▶ [Provided material]:
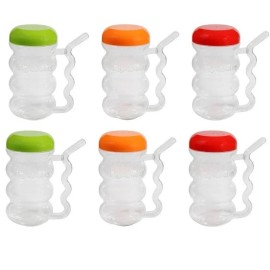 Arrow Plastic SET OF 6 Plastic Sip-A-MUG with Built-In straw, 14 Oz/414 mL CLEAR WIT COLOR TOP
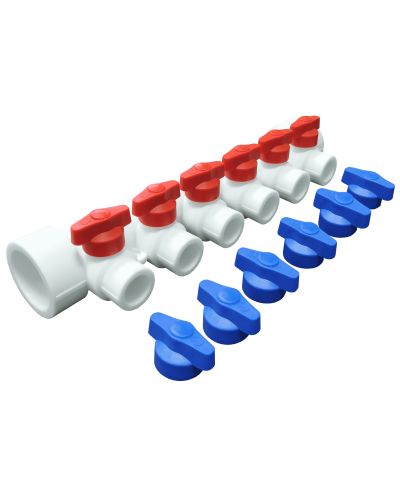 Коллектор PPR с отсечными синими кранами и воздухоотводчиком 40х20 6 выходов (25/1) (Valfex) БЕЛЫЙ, Valfex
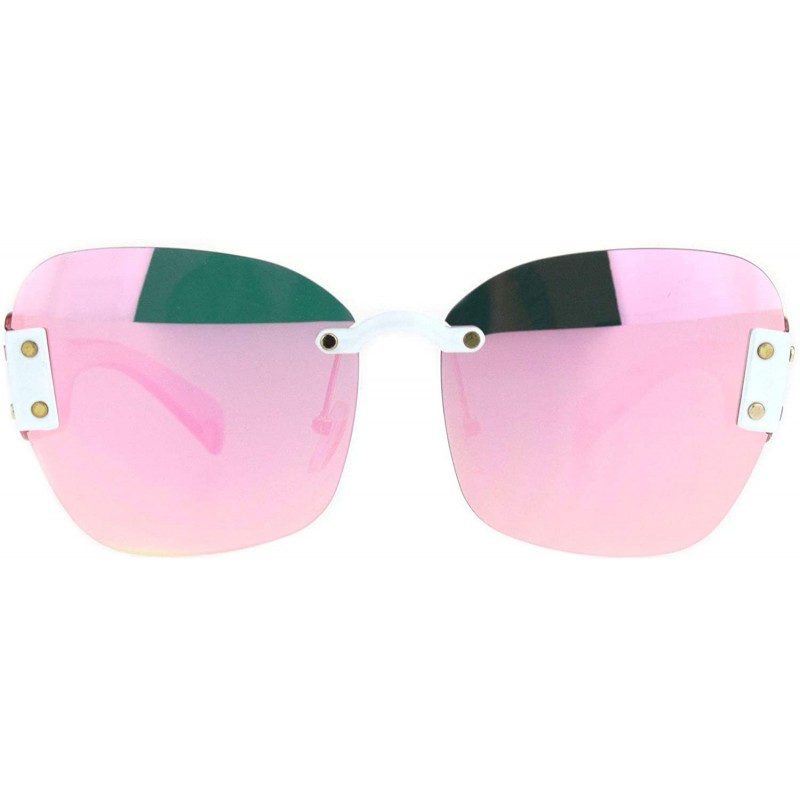Womens Rimless Butterfly Retro Futurism Diva Sunglasses - White Pink ...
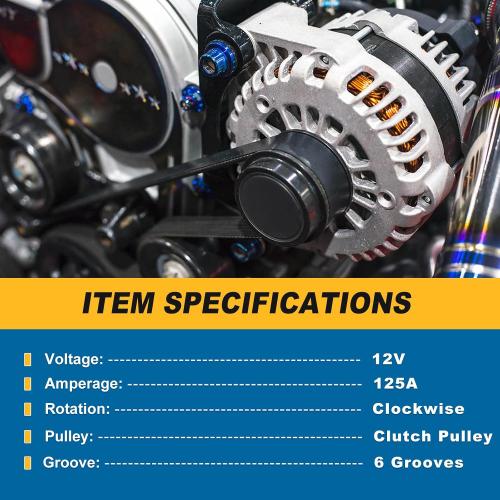 Alternator 12V 125A Compatible with 2013-2018 RAV4(AWD Only) L4 2.5L, 2015-2017 Toyota Camry L4 2.5L, Replace 104211-3541, 27060-0V170, 27060-36080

▶ [Exercise description]:
Go through the material and set it down again exactly, but without any pictures.

▶ [Result]:
 Arrow Plastic SET OF 6 Plastic Sip-A-MUG with Built-In straw, 14 Oz/414 mL CLEAR WIT COLOR TOP
 Коллектор PPR с отсечными синими кранами и воздухоотводчиком 40х20 6 выходов (25/1) (Valfex) БЕЛЫЙ, Valfex
Womens Rimless Butterfly Retro Futurism Diva Sunglasses - White Pink ...
 Alternator 12V 125A Compatible with 2013-2018 RAV4(AWD Only) L4 2.5L, 2015-2017 Toyota Camry L4 2.5L, Replace 104211-3541, 27060-0V170, 27060-36080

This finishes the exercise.